KBI 311890 Issue Addressed: Event Is Not Automatically Resolved In Argent Non-Stop Monitor Environment In Certain Situations

Version

Argent Advanced Technology 5.1A-2010-C or earlier

Date

Tuesday, 24 Nov 2020

Summary

It is confirmed that outstanding events could fail to be resolved automatically in certain Argent Non-Stop Monitoring environments. It is not an issue in standalone configuration. It happens occasionally and is tied to system load.

The issue has been addressed in Argent AT 5.1A-2010-D and later.

Technical Background

When Rule is broken, Argent motor engine sends an event firing request to Argent Console engine. As event firing is handled asynchronously, Argent Console engine returns a unique job number, and Argent motor engine queries using this job number until event firing request is handled.

Even if the event is not fired, Argent motor has no further involvement with this event request.

If event is fired and auto resolution is configured in Relator, Argent motor insert a recheck record in database for later reference. If Rule is no longer broken after some time, and Argent motor finds the recheck record, Argent motor will send an auto resolution request to Argent Console. As a result, the outstanding event will be resolved automatically.

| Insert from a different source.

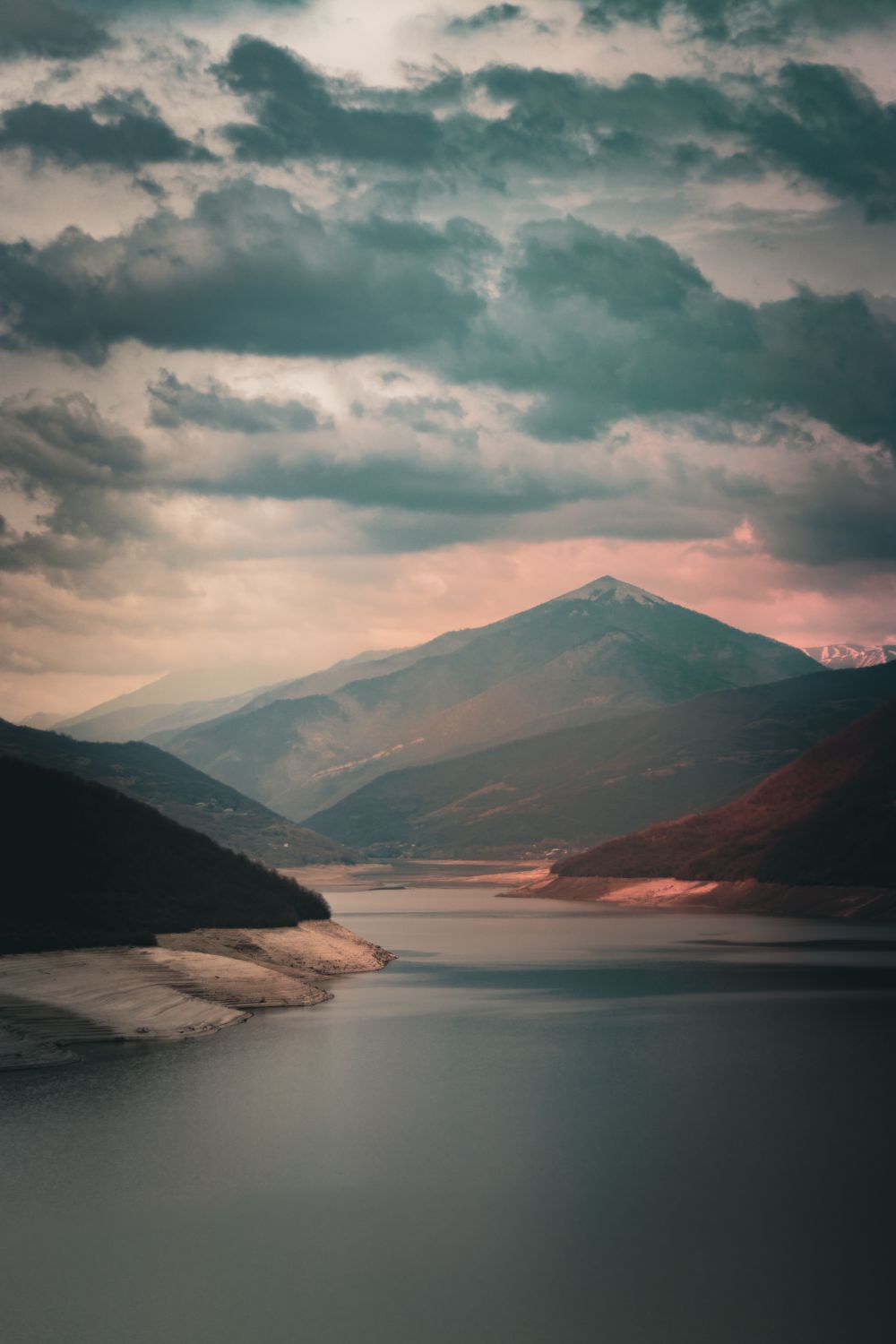 Scenic View of Mountains and a Lake under a Dramatic Sky at Dusk · Free ...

An issue can happen when acquiring the job number. In Argent Non-Stop Monitor environment, in order to avoid competing conditions between motors, Argent motor engine must acquire cluster lock first. Acquiring cluster lock is a DB operation. It is not very fast compared to in-memory operations.

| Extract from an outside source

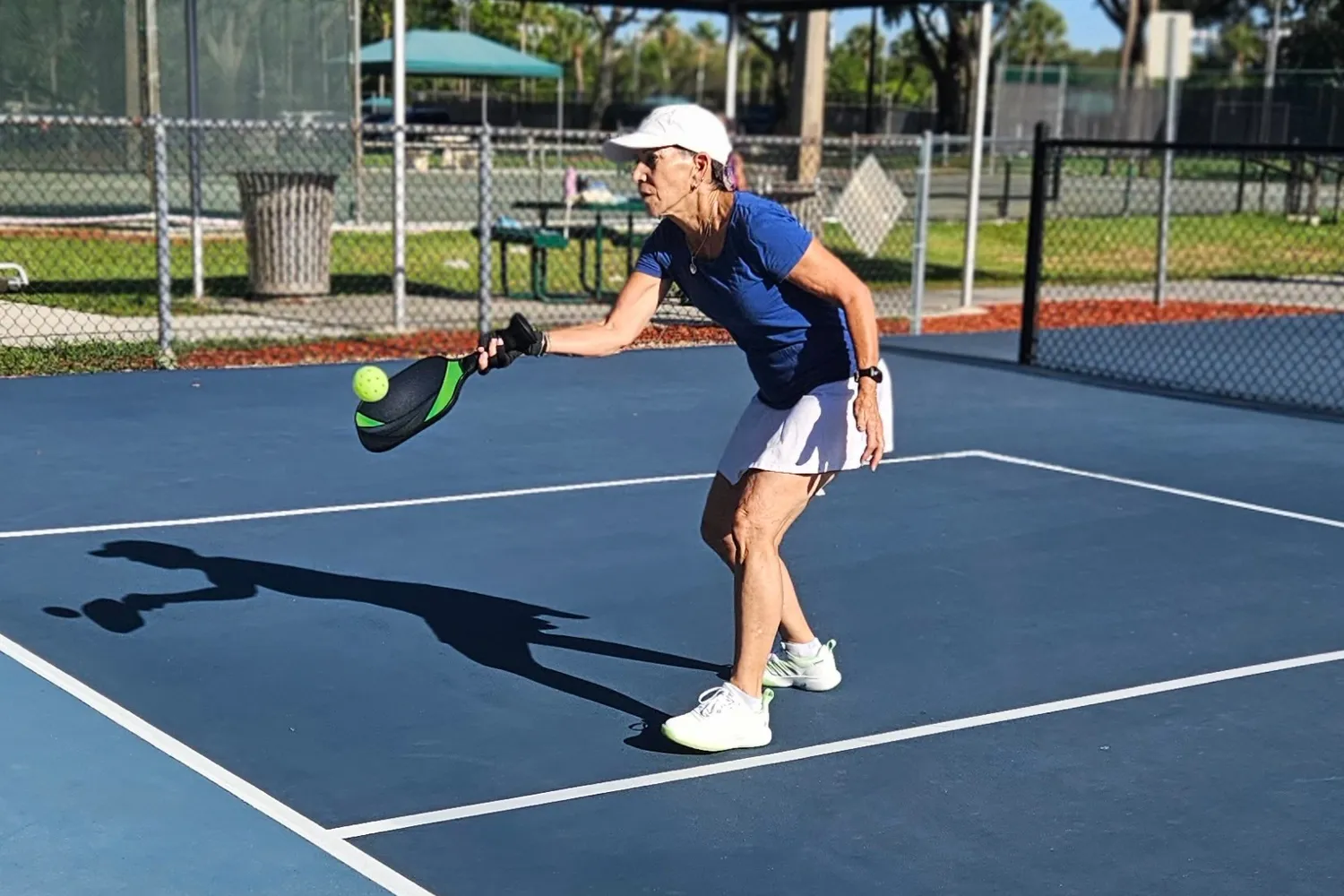 An older woman playing pickleball outdoors under bright Florida sunlight.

Argent motor fires event requests concurrently. If there happen to have a lot of events to fire at a particularly moment, there will be the same amount of worker threads trying to acquire cluster lock before assigning new job numbers. DB operations can fail with ?Update or delete failed?. As a result, the same job number could be given to different event requests.

Say there are two event requests acquired the same job number. One event request results in event firing, the other not firing. Argent motor engine won?t configure recheck record in database as it sees event is not fired. As a result, automatic resolution won?t happen when the condition is corrected.

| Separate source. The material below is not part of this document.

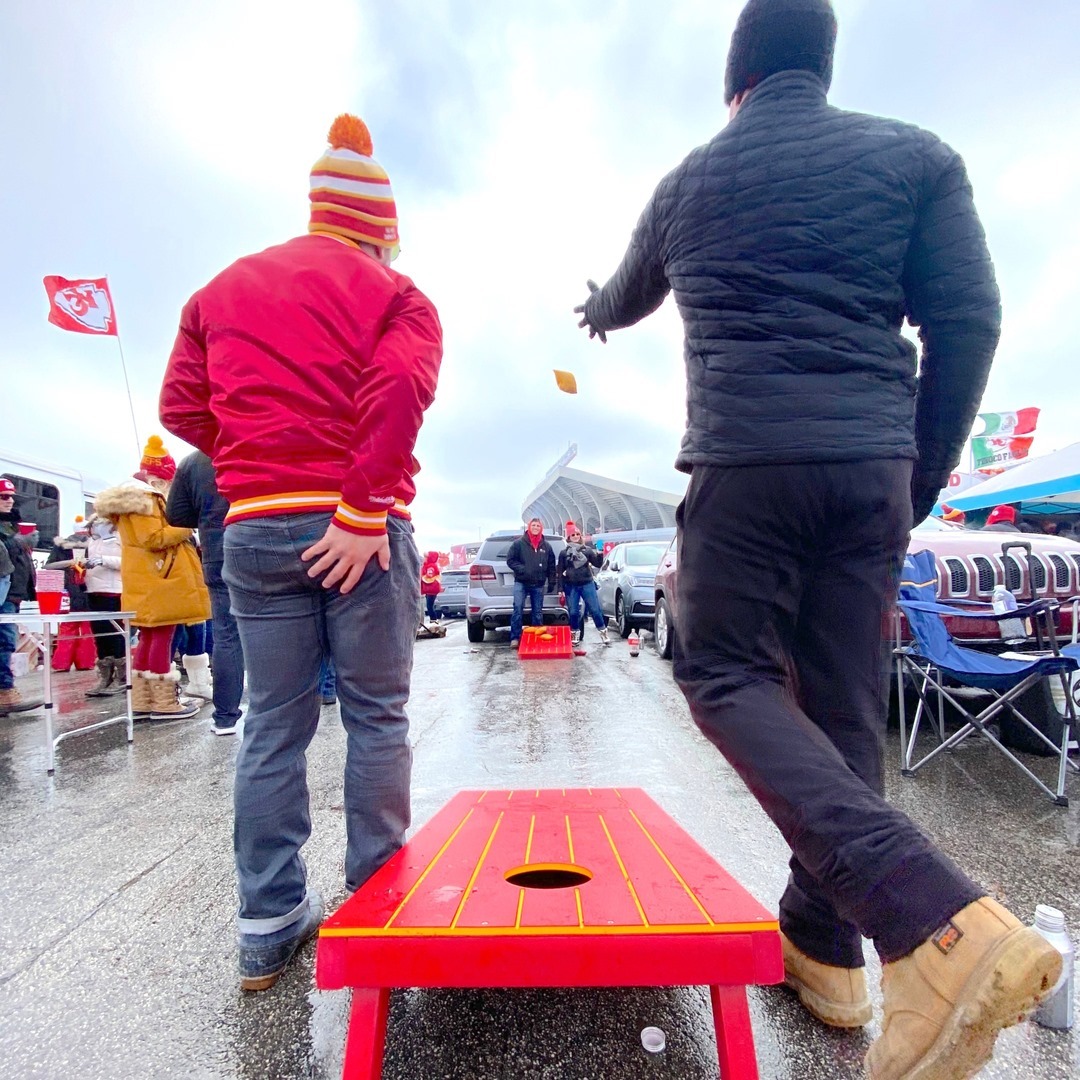 People Playing Cornhole Outside of a Football Stadium. Photo by Instagram user @frogyardgames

Argent AT 5.1A-2010-D has been enhanced to address the issue. Argent Console engine now uses Critical Section to make sure only one worker thread is acquiring cluster lock and bumping up value of used job number. This pretty much eliminates the DB competition condition. When cluster lock is correctly acquired, the uniqueness of job number can be guaranteed.

Resolution

Upgrade to Argent AT 5.1A-2010-D or later.